Stanford Ortho 22

I blogged about this six months ago but I didn't notice the video at that time.  There is a class at Stanford called Anatomy of Movement Ortho 22 that works with the Motion and Gait Analysis Labratory.  Last Winter they worked with Taijiquan master Chen Xiang.  The results in the video are funny.  They seem to have zeroed in on 0.05% of Taijiquan and have succeeded in saying almost nothing.  Hey, that's good science, don't get me wrong.  We have to start somewhere.

Here is the problem for you my dear readers.  What hypothesis about Taijiquan can be tested with this equipment?  Can you propose a better test, or a more relevant hypothesis? What other questions does this inquiry raise?  What evidence would disprove their hypothesis?

I'll get you started:Mass

--Can this much force be generated by this much mass using another method?
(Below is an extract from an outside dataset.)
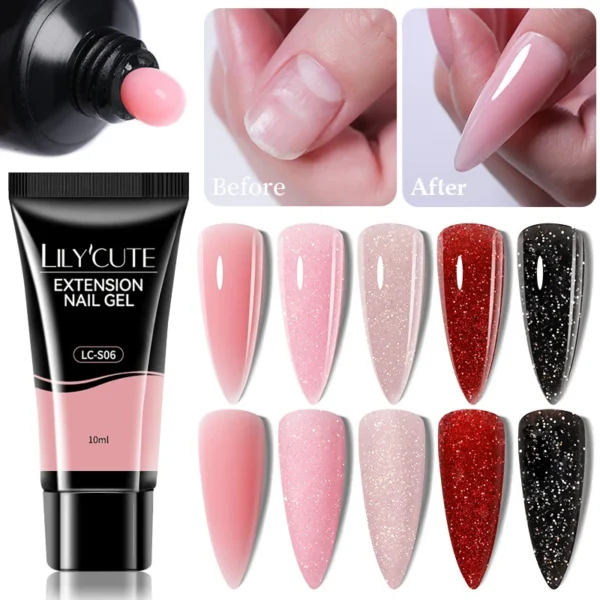 LILYCUTE Nail Extension Gel Bright Pink Semi Permanent UV Hard Gel Nails Finger Prolong White Clear Nude Gel Nail Polish - Image 2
--Is his force easier to inhibit at certain locations?  Or is his force continuous despite the fact that his speed is changing?

--If he carries a weight in the non-striking hand will it increase his force in the striking hand?  (Fluid dynamics hypothesis).

--Does this sort of power require uniformity of muscle relaxation/tension?  Can it be inhibited by electrically stimulating a random muscle while he is in motion?  Can we get some sensors on a range of muscle groups to see to what degree they are "firing" and in what order?

Note:  I am available for scientific evaluation.